**Exercise details**
Copy each line of the listing where the word "cute" can be found.

**Input records**
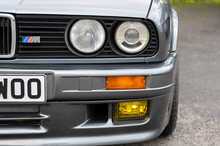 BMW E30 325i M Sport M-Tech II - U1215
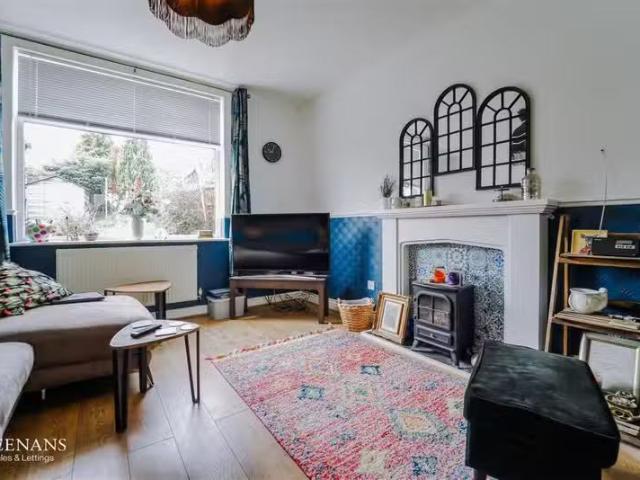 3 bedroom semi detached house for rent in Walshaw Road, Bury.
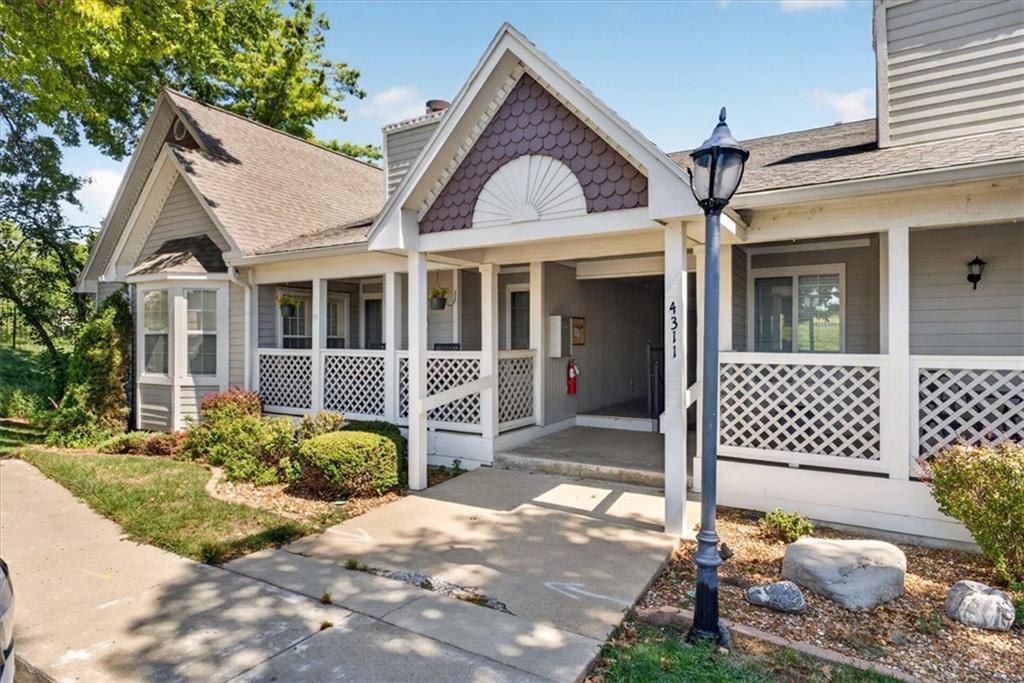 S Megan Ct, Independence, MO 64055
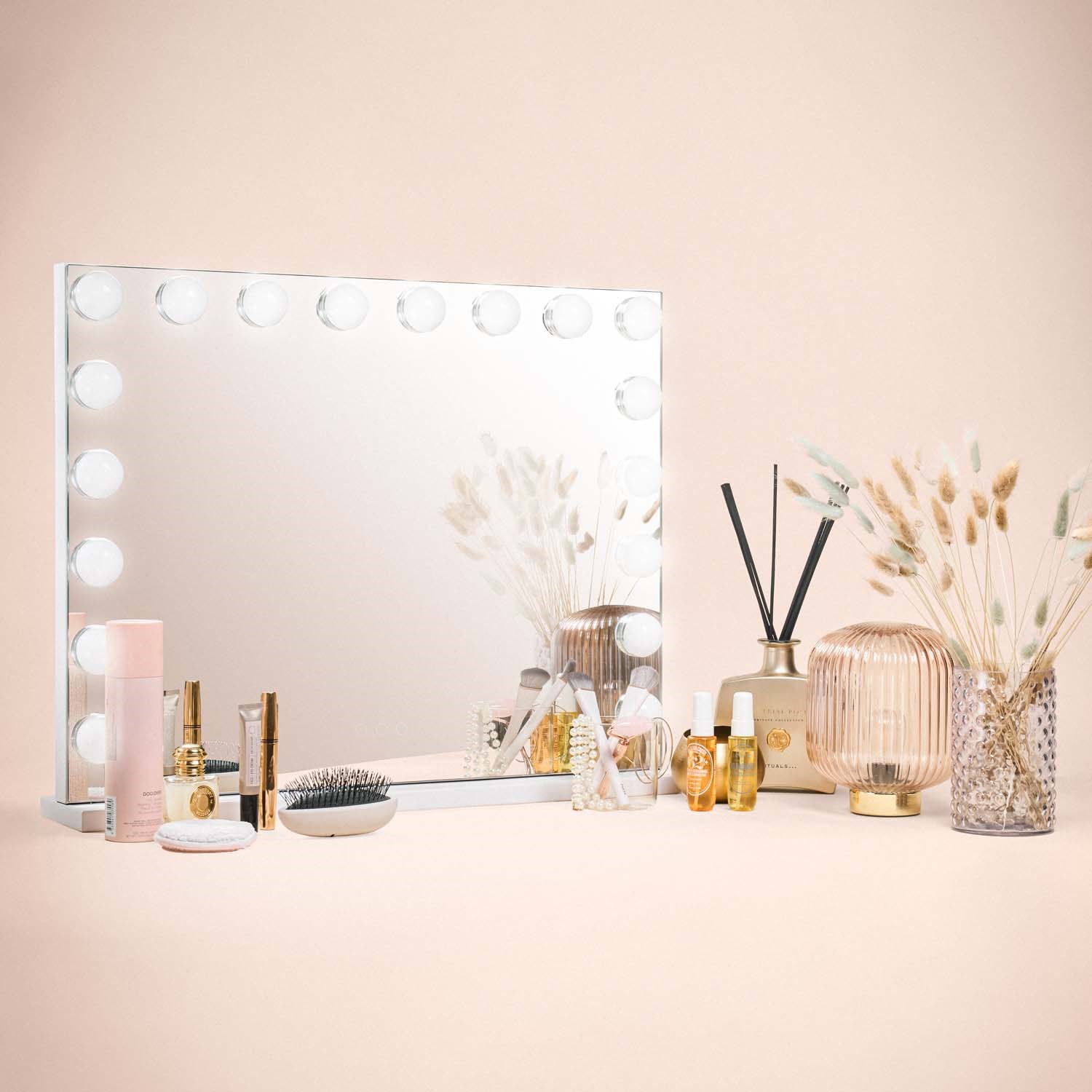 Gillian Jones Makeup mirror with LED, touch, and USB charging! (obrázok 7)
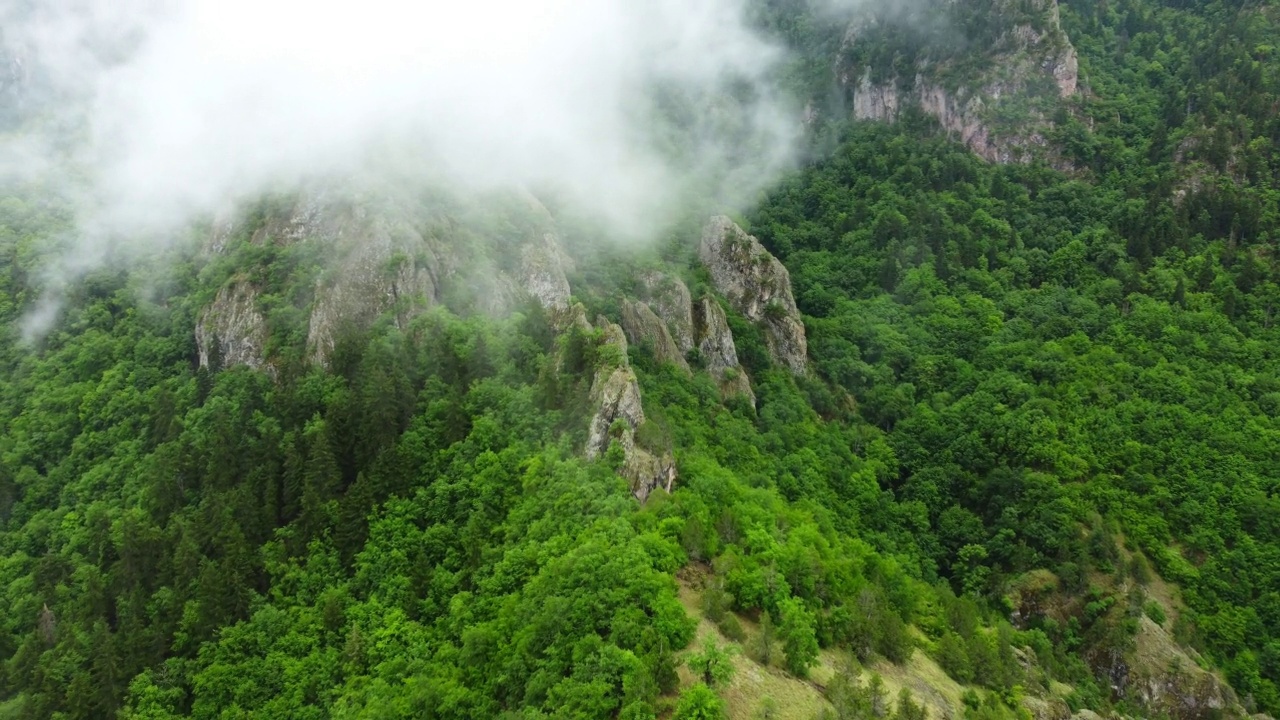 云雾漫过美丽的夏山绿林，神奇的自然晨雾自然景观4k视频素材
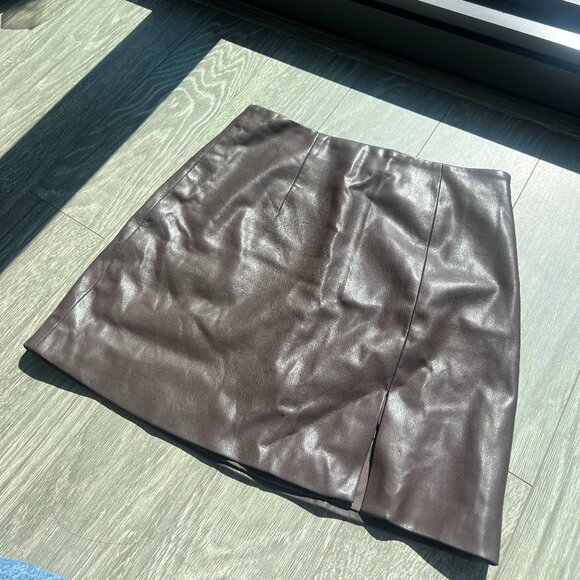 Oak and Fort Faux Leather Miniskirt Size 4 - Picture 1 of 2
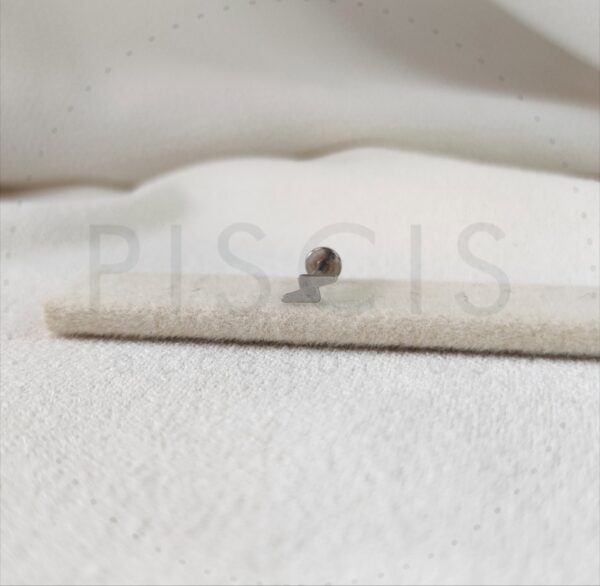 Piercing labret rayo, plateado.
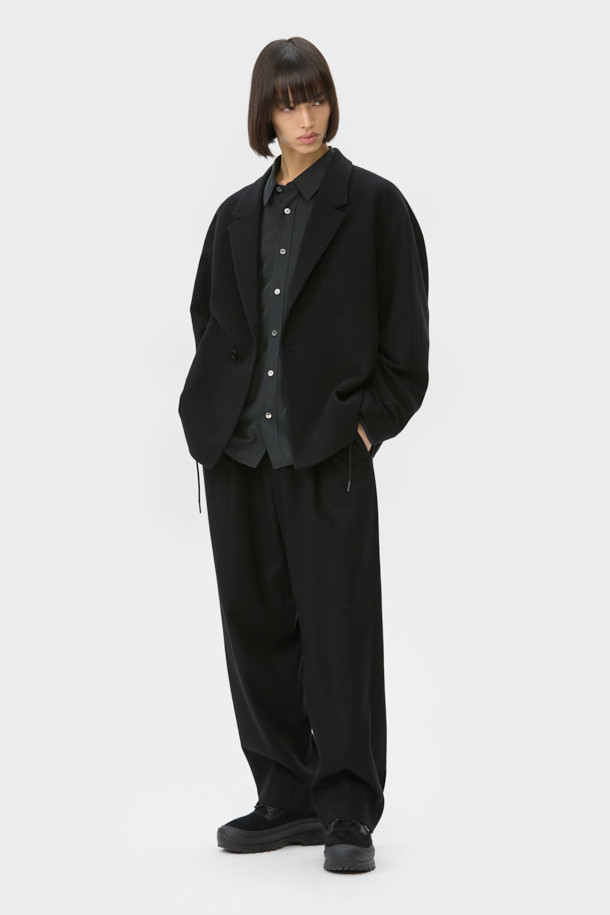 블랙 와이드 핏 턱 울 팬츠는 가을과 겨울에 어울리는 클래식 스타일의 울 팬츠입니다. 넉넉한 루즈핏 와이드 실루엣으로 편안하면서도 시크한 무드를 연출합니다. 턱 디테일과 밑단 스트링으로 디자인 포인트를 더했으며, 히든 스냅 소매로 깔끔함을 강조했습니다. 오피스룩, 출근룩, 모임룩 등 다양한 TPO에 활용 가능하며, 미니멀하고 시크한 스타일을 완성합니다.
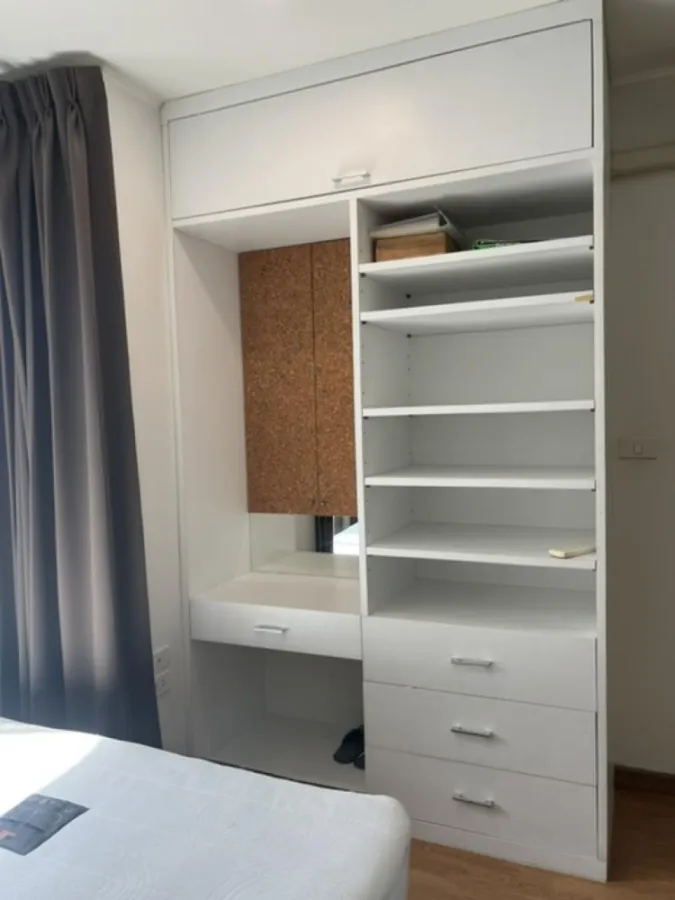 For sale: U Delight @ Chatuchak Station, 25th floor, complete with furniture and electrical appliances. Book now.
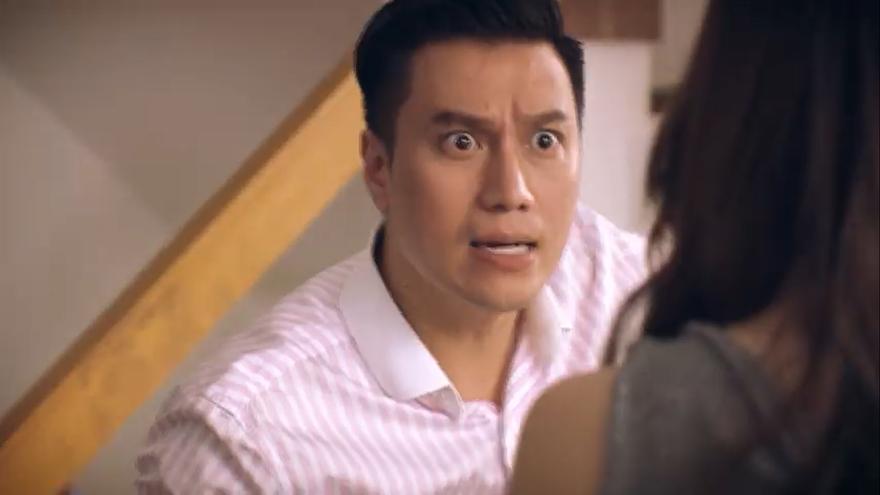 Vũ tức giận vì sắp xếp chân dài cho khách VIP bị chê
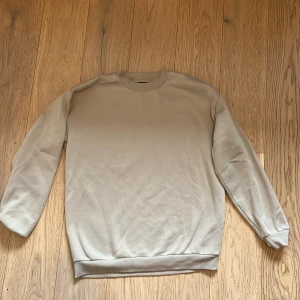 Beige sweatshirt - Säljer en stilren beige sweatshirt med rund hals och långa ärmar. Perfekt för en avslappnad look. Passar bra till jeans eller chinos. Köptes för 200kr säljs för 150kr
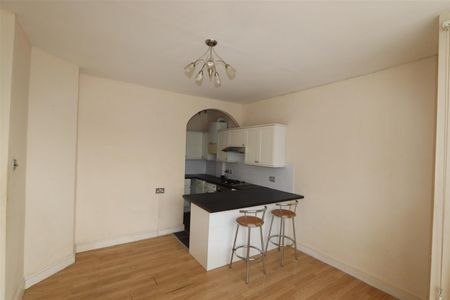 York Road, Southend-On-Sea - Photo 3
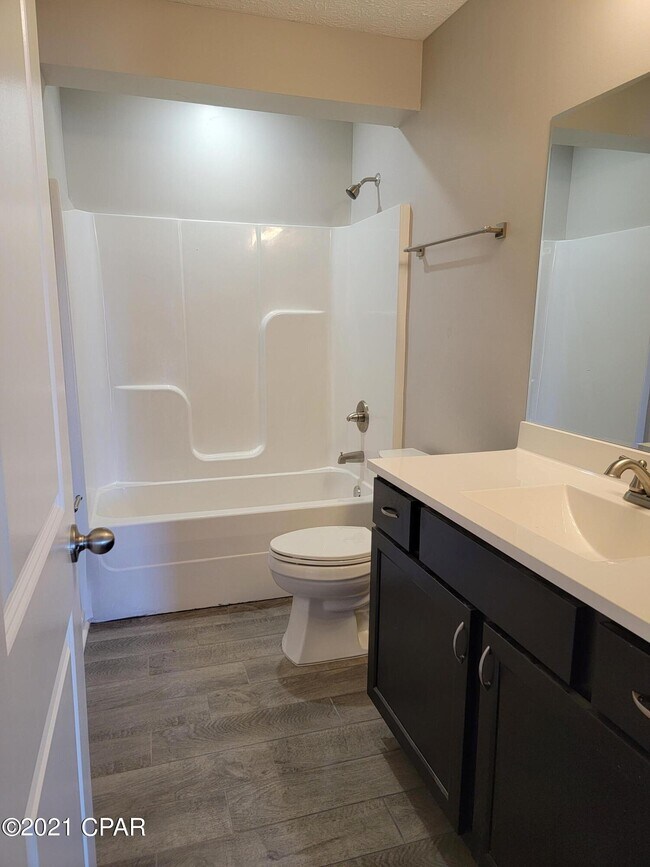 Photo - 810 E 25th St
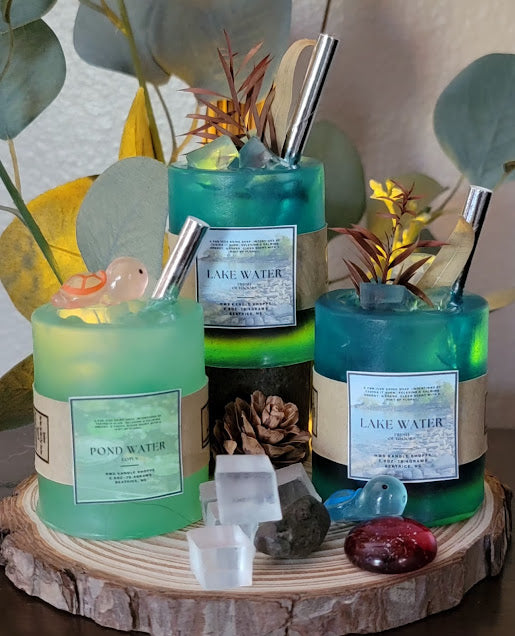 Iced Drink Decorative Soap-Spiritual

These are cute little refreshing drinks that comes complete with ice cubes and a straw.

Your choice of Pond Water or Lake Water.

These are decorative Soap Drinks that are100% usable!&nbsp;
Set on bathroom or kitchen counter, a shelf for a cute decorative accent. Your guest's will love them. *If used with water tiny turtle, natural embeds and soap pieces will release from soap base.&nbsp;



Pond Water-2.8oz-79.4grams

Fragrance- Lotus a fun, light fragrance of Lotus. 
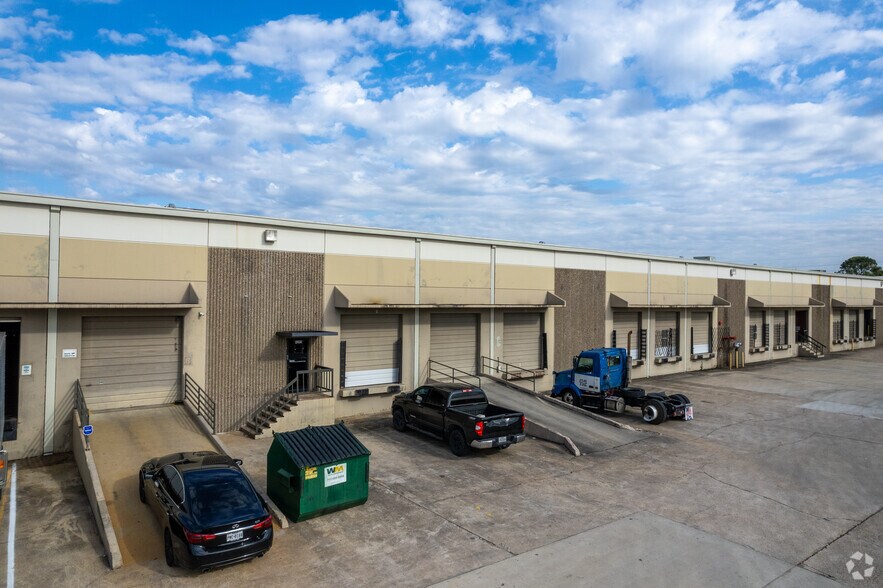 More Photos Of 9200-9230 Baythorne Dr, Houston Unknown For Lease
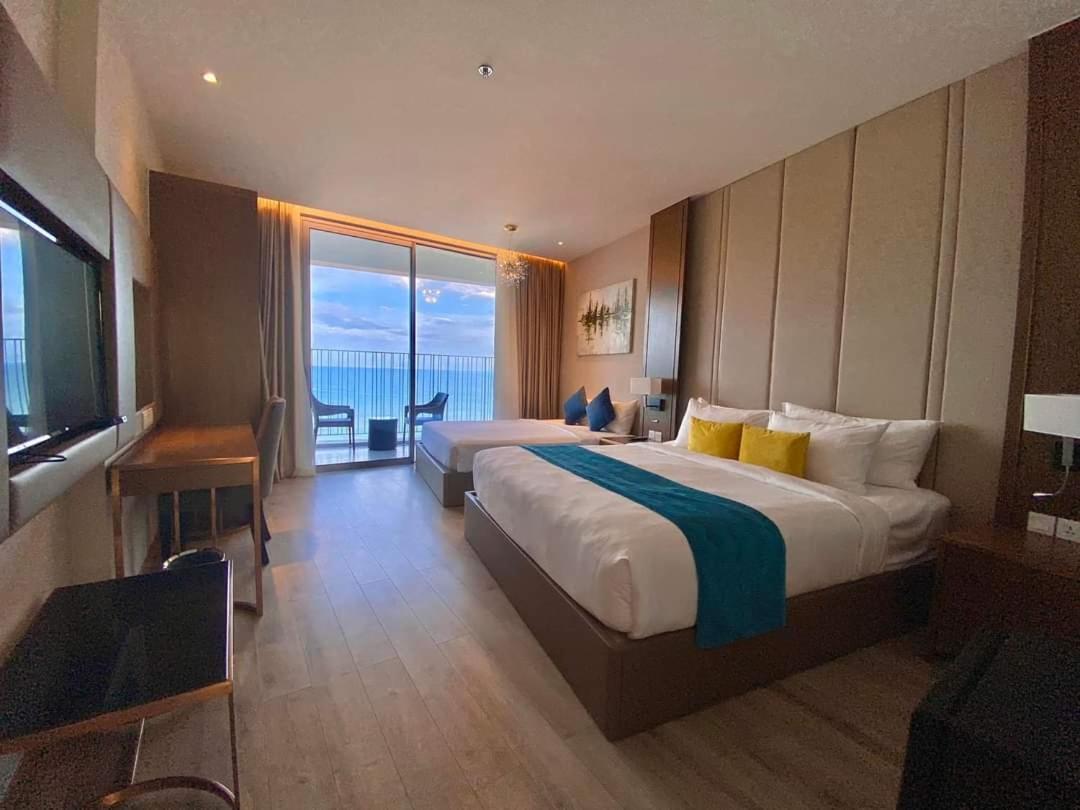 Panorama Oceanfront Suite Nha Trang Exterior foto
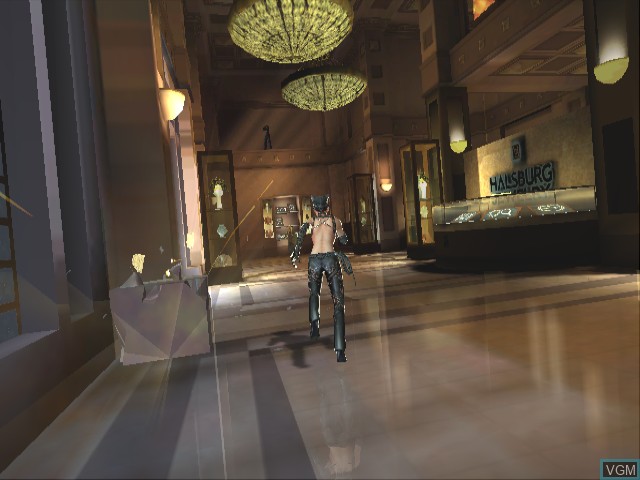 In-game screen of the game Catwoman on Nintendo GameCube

**Answer to this task**
These are cute little refreshing drinks that comes complete with ice cubes and a straw.
Set on bathroom or kitchen counter, a shelf for a cute decorative accent. Your guest's will love them. *If used with water tiny turtle, natural embeds and soap pieces will release from soap base.&nbsp;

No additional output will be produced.